O presidente da comissão parlamentar encarregada de investigar uma vala comum com mais de cem corpos no centro de Moçambique negou nesta quarta-feira, 1, a existência de valas comuns em Sofala, depois de cerca de um mês de investigações.
"O resultado permite-nos afirmar de forma categórica, inequívoca e definitiva que não há uma vala comum em Canda", afirmou Edson Macuacua, deputado da Frelimo e ex-porta-voz do antigo Presidente Armando Guebuza.
Em conferência de imprensa em Canda, Macuacua disse que "um caso de 120 pessoas seria alarmante, quase uma aldeia inteira desaparecida".

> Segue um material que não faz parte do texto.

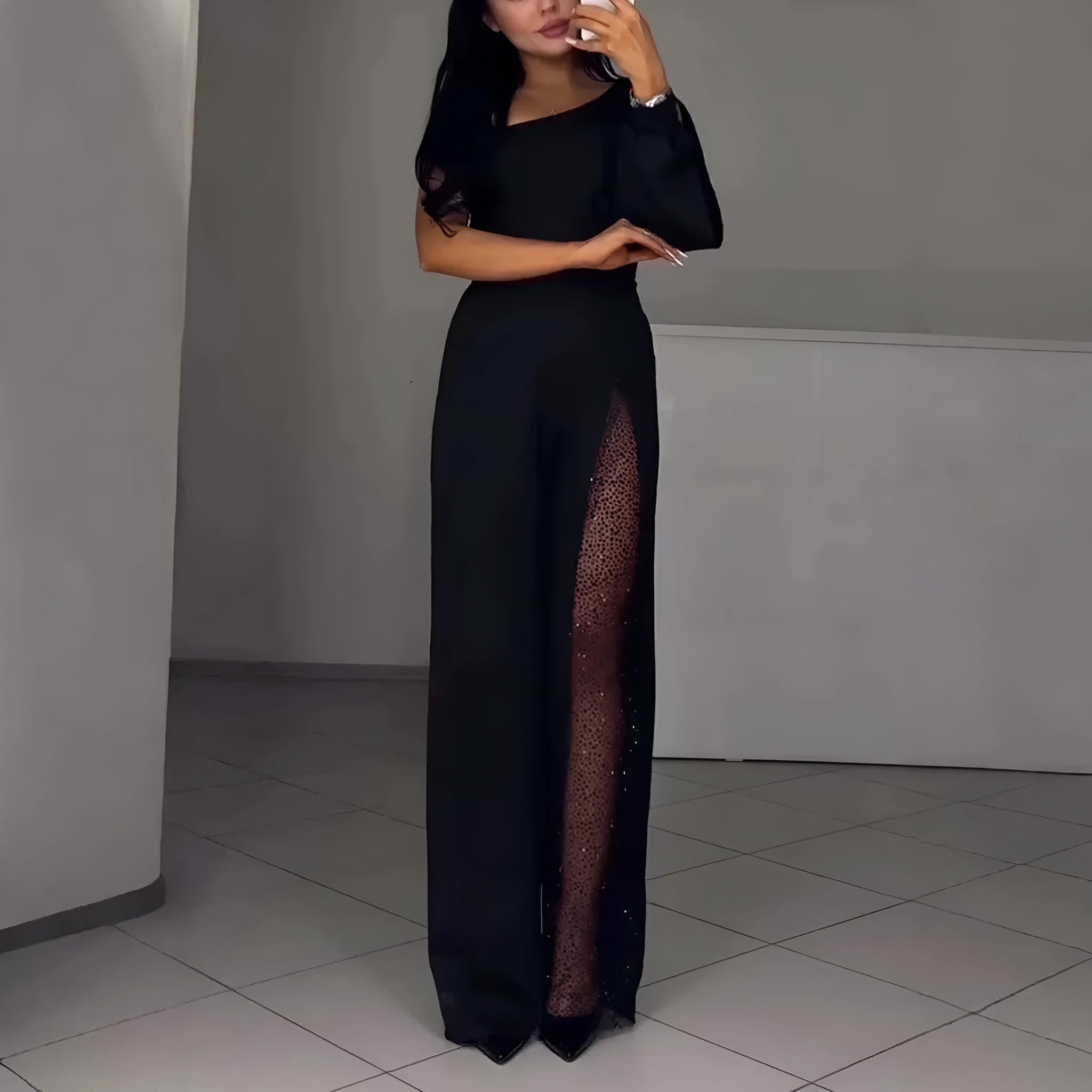 Black women's jumpsuit with one shoulder cut and high leg slit, made from polyester fabric.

"Estamos num espaço geográfico que é um teatro de operações militares das investidas da Renamo", continuou o deputado da Frelimo que apontou o dedo ao partido de Afonso Dhlakama: "esses ataques da Renamo a cidadãos civis, indefesos, afectam naturalmente os direitos humanos".

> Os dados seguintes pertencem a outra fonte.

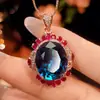 2026 Joyería de Alta Venta Cruzada Chapada en Cobre Dorado Corindón Rojo Simulado Espinela Azul Set de Lujo Ligero Piedra Principal 15*18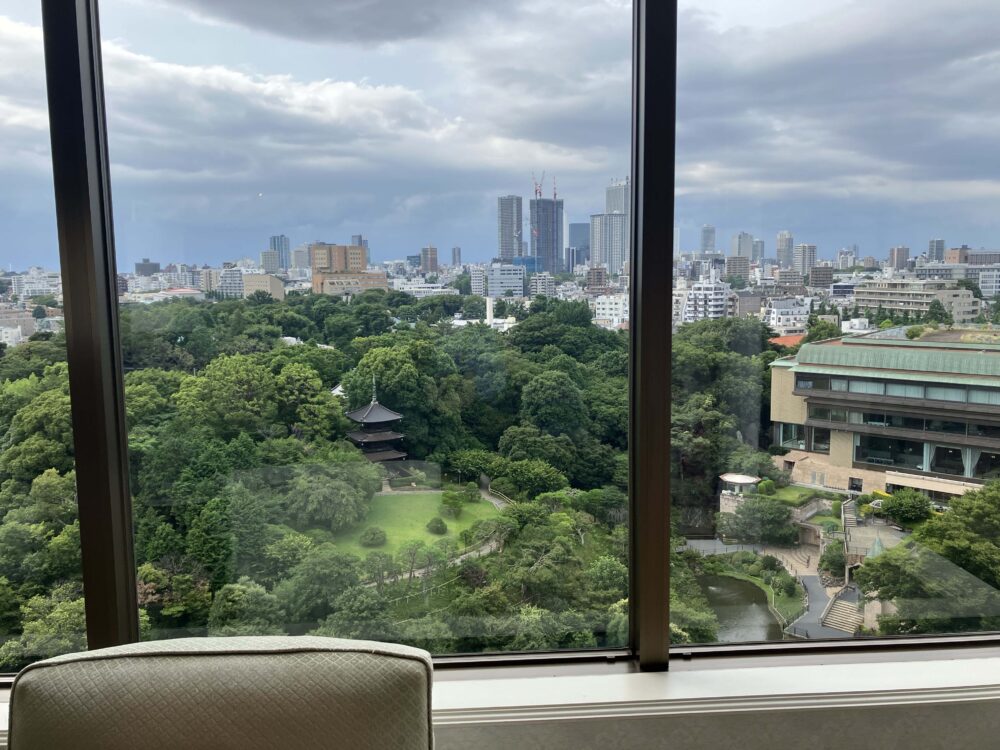 ホテル客室の窓から広がる、緑豊かな日本庭園。園内には三重塔が見え、奥には都会のビル群が広がる。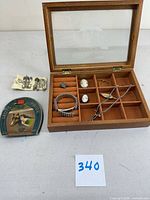 Open wooden jewelry box showing etched glass lid and various vintage costume jewelry pieces and sewing supplies.
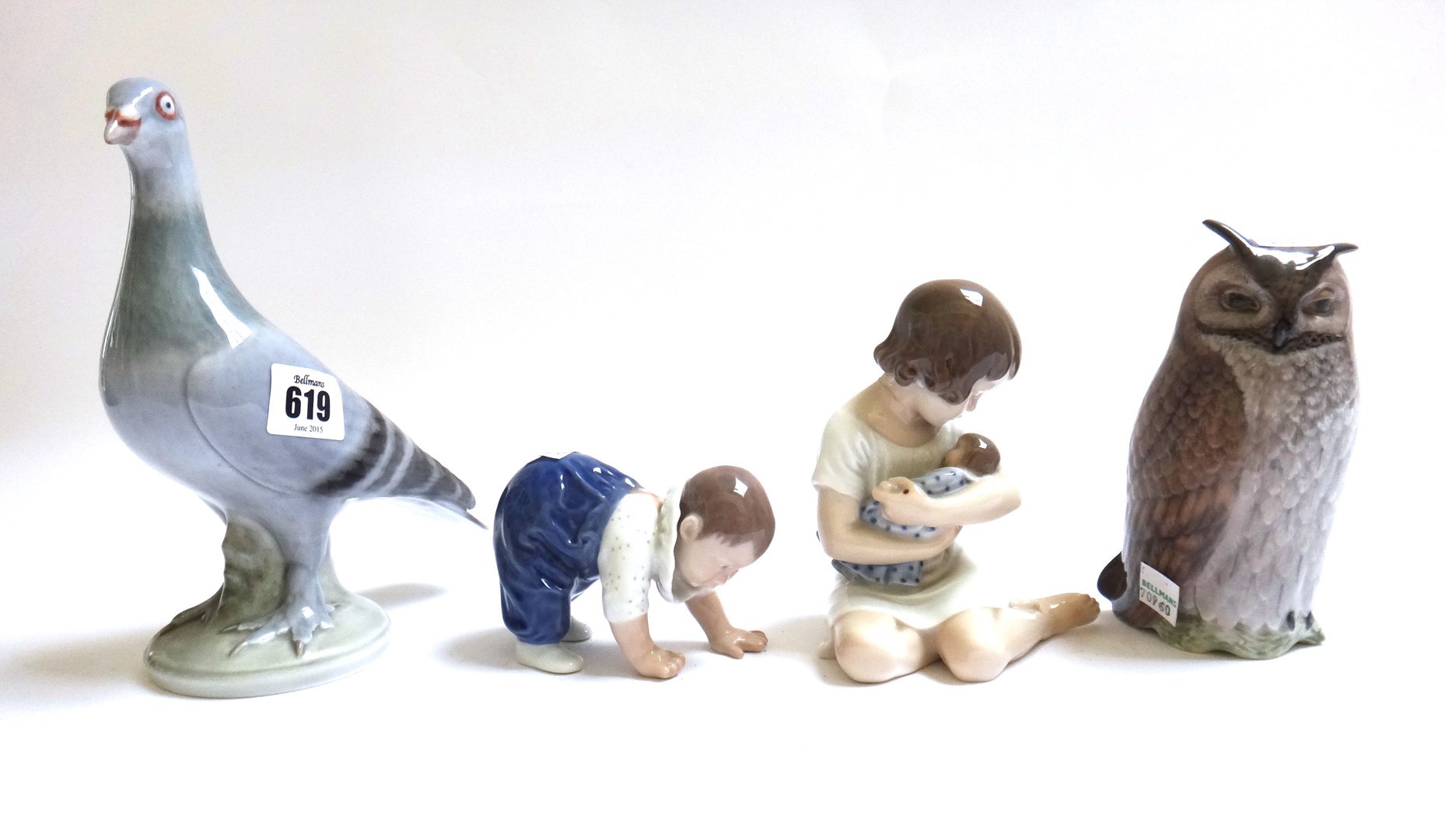 Appraisal: Three Royal Copenhagen porcelain figures including a young girl holding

O presidente da comissão, que integra apenas membros da MDM frente à renúncia da Renamo em participar por discordar com a sua constituição, anunciou que as investigações vão continuar, nomeadamente em Manica, onde jornalistas fotografaram cerca de 15 corpos de cadáveres.

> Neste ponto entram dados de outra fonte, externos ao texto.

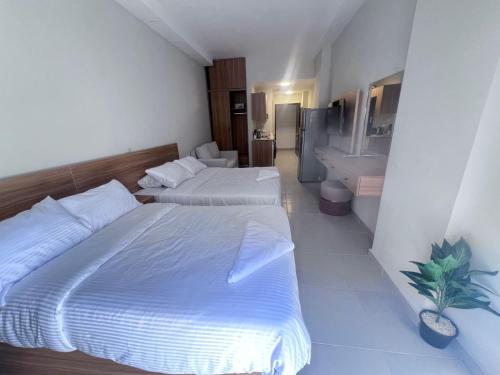 En eller flere senge i et værelse på Florenza Khamsin Resort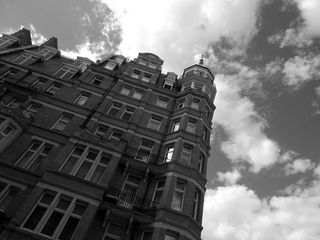 多云天空下建筑物的灰度照片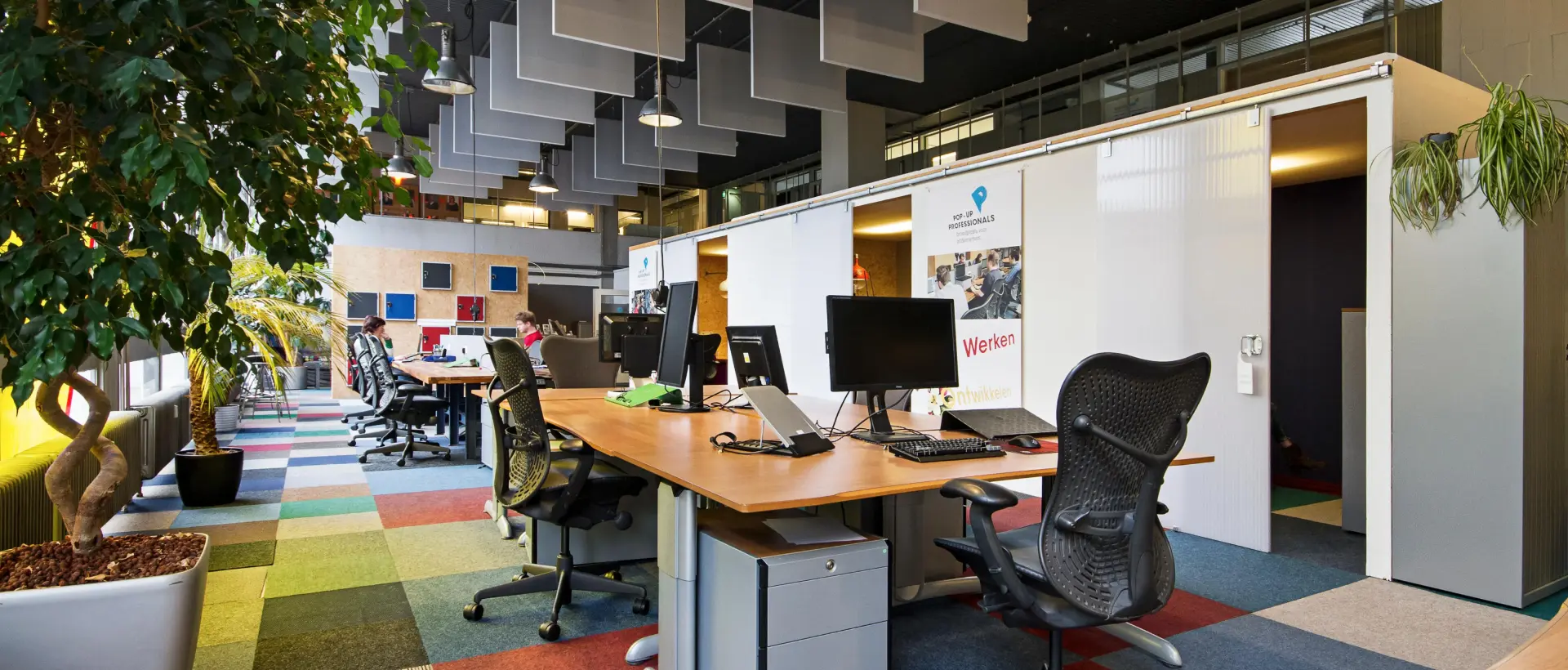 A professional meeting scene with diverse team members discussing business strategies in a modern office.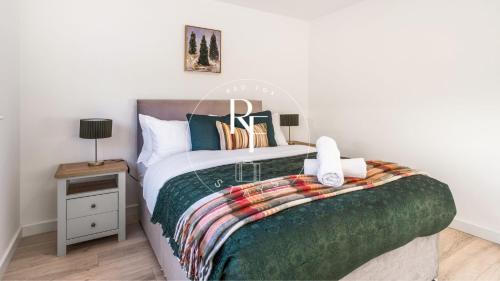 a bedroom with a bed with a green blanket at The Den at Catto in Peterhead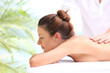 Brunette girl receiving a massage
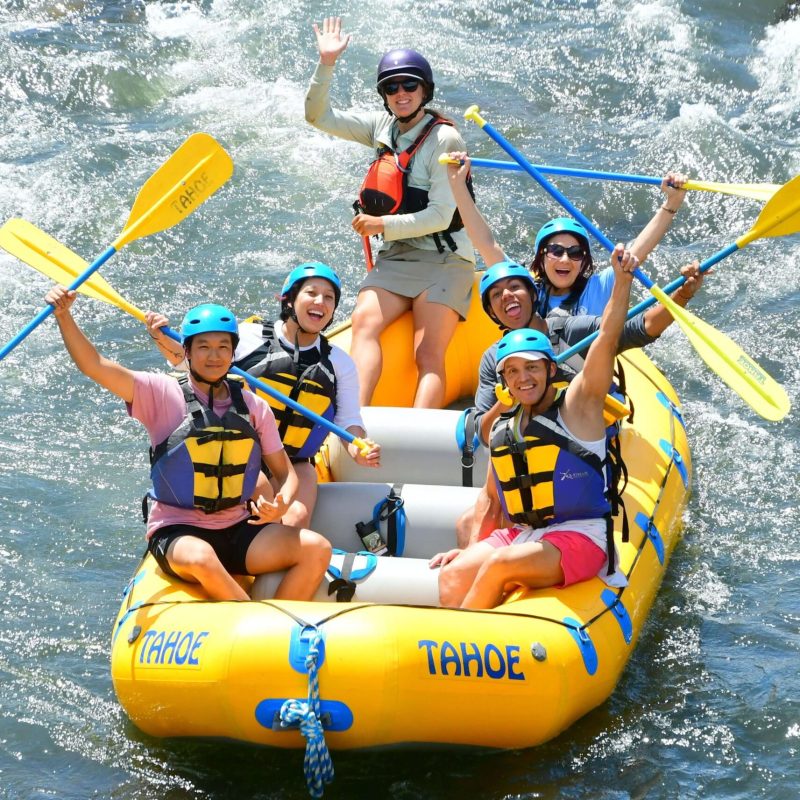 a group of people on a raft in the water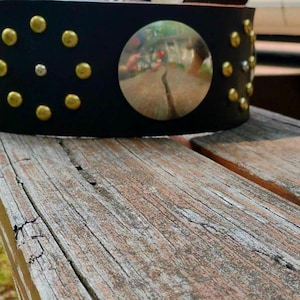 May include: A black leather cuff bracelet with gold and silver studs and two large silver mirrored circles. The bracelet is resting on a weathered wooden surface.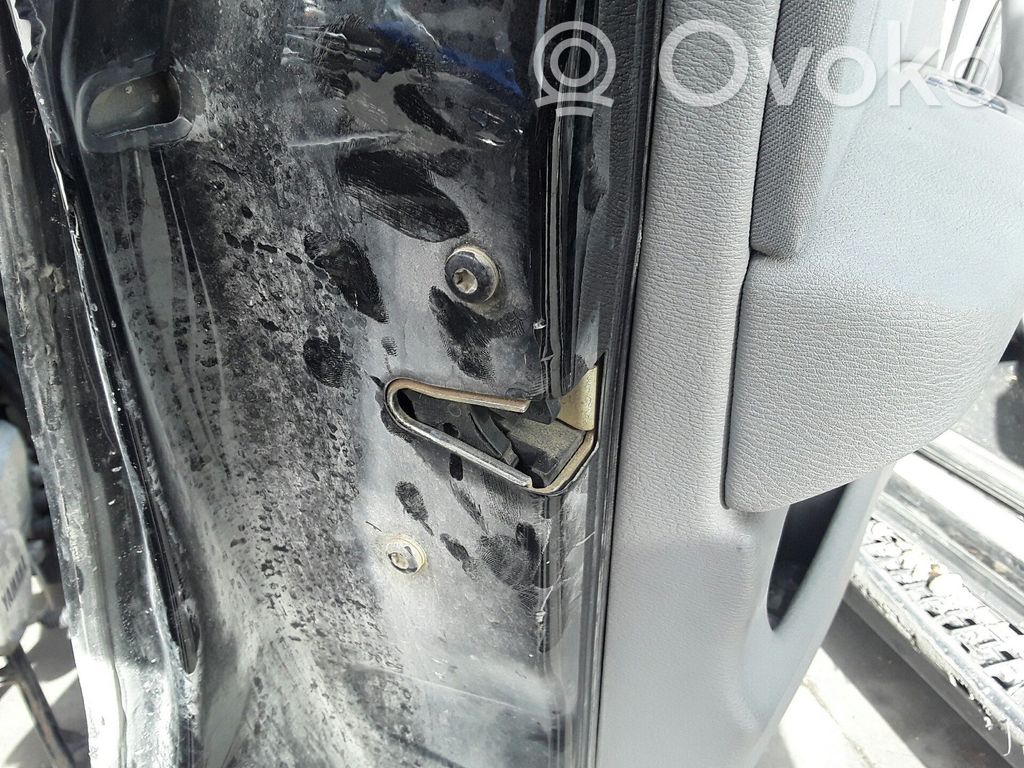 BMW X3 E83 Cerradura de puerta delantera (junto a la manecilla)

No encontro com a comissão na segunda-feira, 30, na Beira, alguns jornalistas disseram ter encontrado corpos, bem como falado com agricultores que relataram a presença de corpos na suas “machambas”.
Os profissionais da comunicação reiteraram que não puderam chegar aos locais por imposição das autoridades que bloquearam o acesso aos mesmos.
Reacções
Também na segunda-feira, 30, o presidente do Movimento Democrático de Moçambique (MDM) criticou a posição de alguns responsáveis do Governo que têm dito não haver valas comuns, como, por exemplo, a governadora de Sofala, Helena Taipo.
"Negar que não há vala comum é um contra-senso, pois, onde houver mais que dois corpos é vala comum ou se trata de massacre", disse Simango em nota enviada às redacções.
Para o líder do MDM, “outra mentira monumental foi terem dito que os corpos foram enterrados”, porque, continuou, “testemunhas oculares desmentem esta versão e dizem que deitaram por cima dos corpos um bocado de areia, deixando várias partes dos corpos descobertos e ao alcance de abutres e de outros animais".
Denúncias
A denúncia da existência de uma vala comum na zona 76, no posto administrativo de Canda, interior da Gorongosa, foi feita por camponeses a 27 de Abril.
As mesmas fontes disseram que vários corpos, alguns já em ossadas, estavam estatelados numa antiga escavação a céu aberto, de onde se extraía saibro para as obras de reabilitação da N1, a principal estrada de Moçambique.
Na sexta-feira, 29 de Abril, o porta-voz da Polícia da República de Moçambique (PRM) Inácio Dina afirmou ter enviado uma equipa ao local que não encontrou qualquer vala comum.
No fim de semana seguinte, um grupo de quatro jornalistas deslocou-se ao local mas não conseguiu chegar à zona indicada pelos camponeses por estar bloqueada por forças da polícia e da segurança.
Entretanto, os repórteres encontraram e fotografaram cerca de 15 corpos já em decomposição nas imediações do local.
Uma equipa do Movimento Democrático de Moçambique (MDM) também deslocou-se ao local e, de acordo como seu presidente Daviz Simango, não conseguiu chegar ao local devido à forte presença policial e militar.
Simango, que disse ter ficado chocado com as fotos, pediu uma investigação às denúncias.
A polícia reiterou não ter encontrado qualquer vala comum.
ONU e HRW querem investigar
No dia 4 de Maio o Escritório do Alto Comissário das Nações Unidas para os Direitos Humanos (OHCHR, em inglês) disse à VOA por email estar em contacto com as autoridades moçambicanas depois de ter recebido alegações sobre uma vala comum em Gorongosa.
“Temos, de facto, recebido alegações sobre uma vala comum na Gorongosa, no entanto, ainda não pudemos verificar essas alegações por falta de acesso ao local”, disse aquele órgão com sede em Genebra que solicitou o acesso à área onde foi denunciada a existência da vala comum.
Também a Human Right Watch manifestou o seu interesse em investigar as denúncias e a Liga Moçambicano dos Direitos Humanos diz ter provas da existência de corpos nos locais citados pelos jornalistas.